» **REQUIRED WORK**
Extract every line between the one with "Danish Modern Tile Top Coffee Table" and the end of the entries, both included, word for word and free of pictures.
*** RECORD SET Section Begins ***
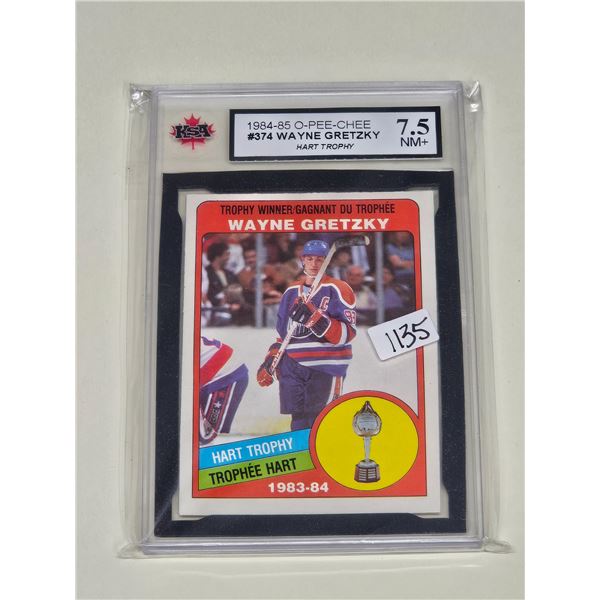 1984-85 O-Pee-Chee Wayne Gretzky Graded KSA 7.5 Hart Trophy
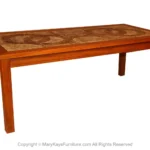 Danish Modern Tile Top Coffee Table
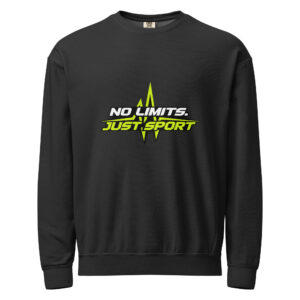 Unisex garment-dyed fleece crewneck sweatshirt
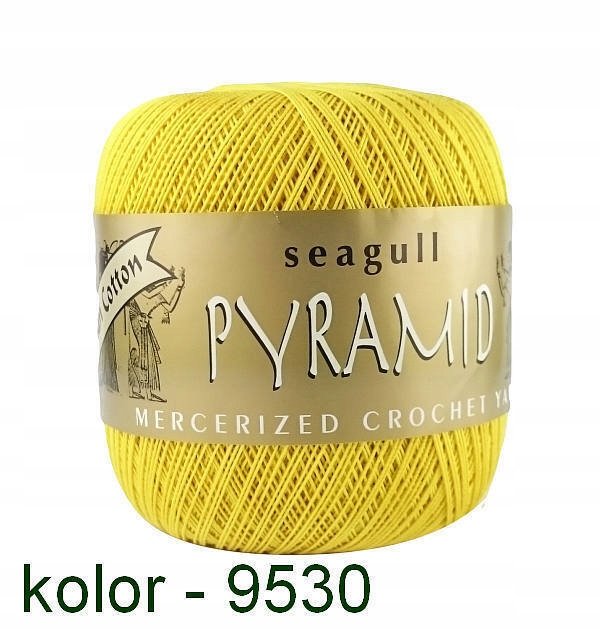 Kordonek Pyramid 100g żółty 9530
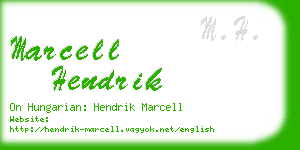 marcell hendrik business card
*** RECORD SET Section Ends ***
» **REPLY**
 Danish Modern Tile Top Coffee Table
 Unisex garment-dyed fleece crewneck sweatshirt
 Kordonek Pyramid 100g żółty 9530
 marcell hendrik business card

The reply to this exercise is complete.